■ DATA SHOWN ■
··········

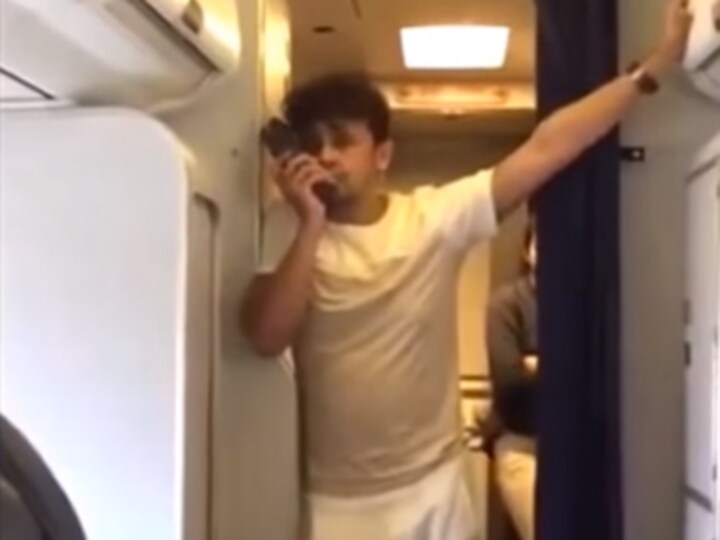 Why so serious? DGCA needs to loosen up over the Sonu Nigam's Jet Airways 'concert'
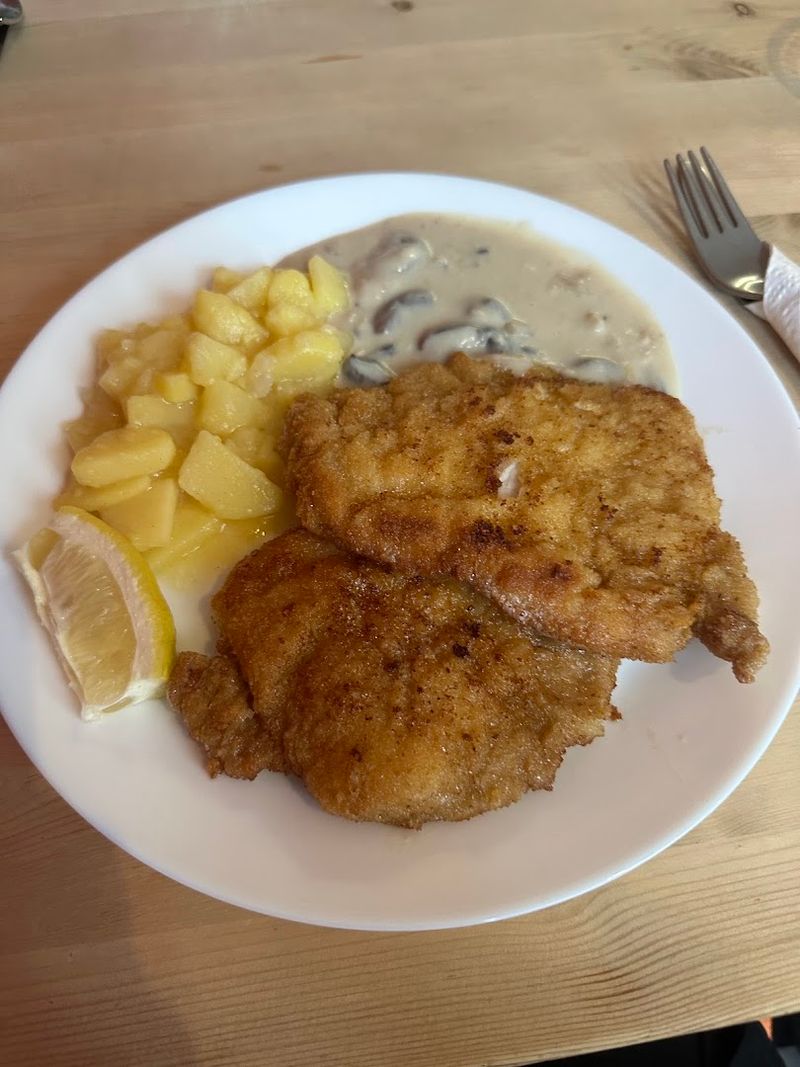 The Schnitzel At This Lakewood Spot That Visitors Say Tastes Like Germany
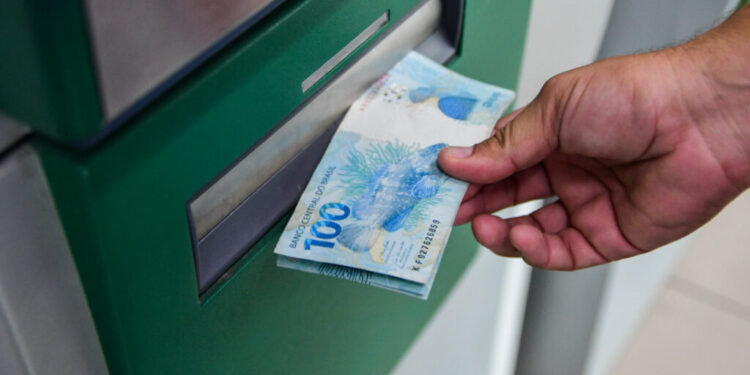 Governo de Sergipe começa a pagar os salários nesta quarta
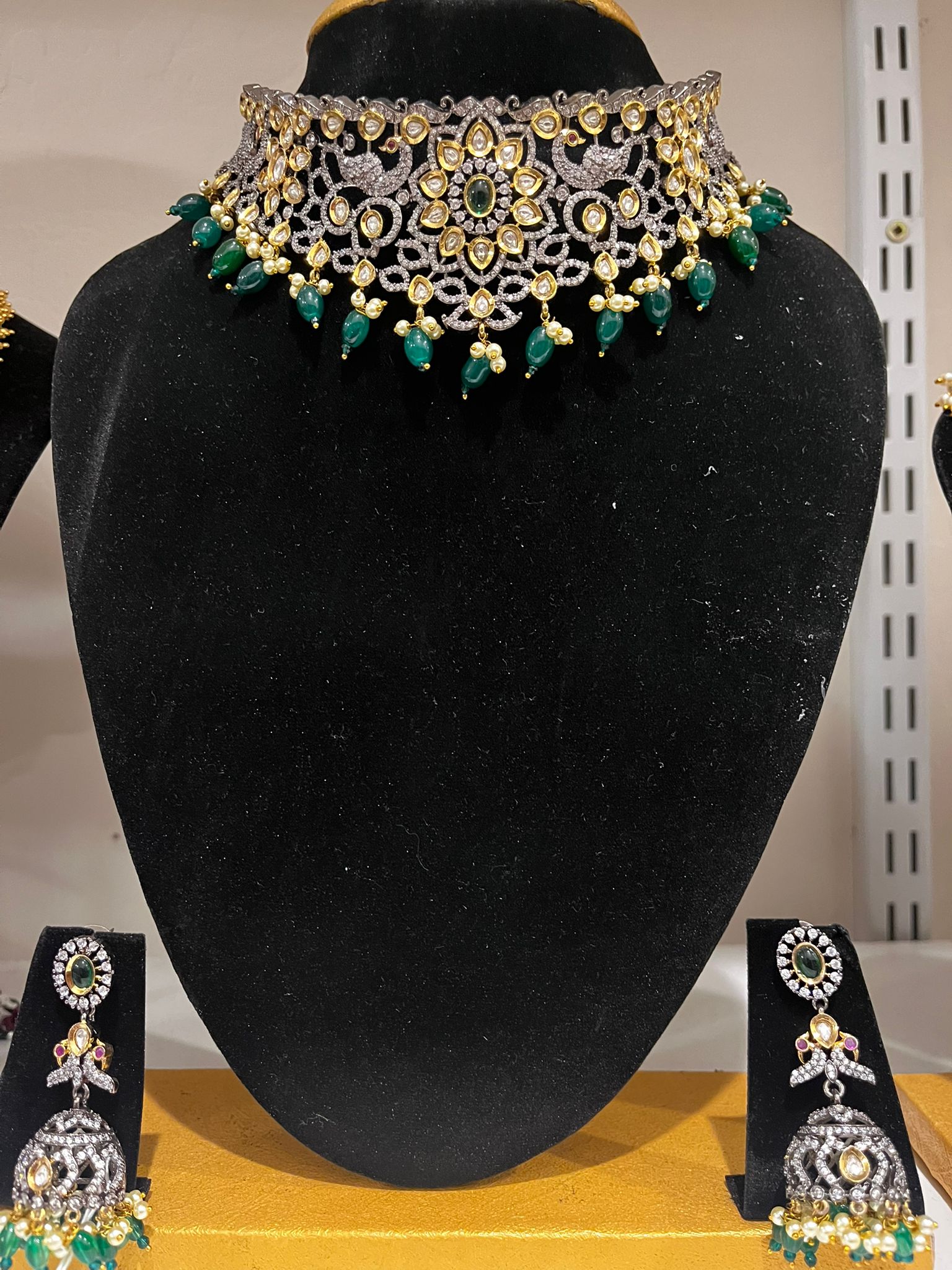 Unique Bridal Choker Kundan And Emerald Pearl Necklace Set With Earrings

··········

■ TASK DETAILS ■
Please return the lines from the line with "The Schnitzel At" through the last line of the data, both included, exactly, and without pictures.

■ SOLUTION TO THIS TASK ■
 The Schnitzel At This Lakewood Spot That Visitors Say Tastes Like Germany
 Governo de Sergipe começa a pagar os salários nesta quarta
 Unique Bridal Choker Kundan And Emerald Pearl Necklace Set With Earrings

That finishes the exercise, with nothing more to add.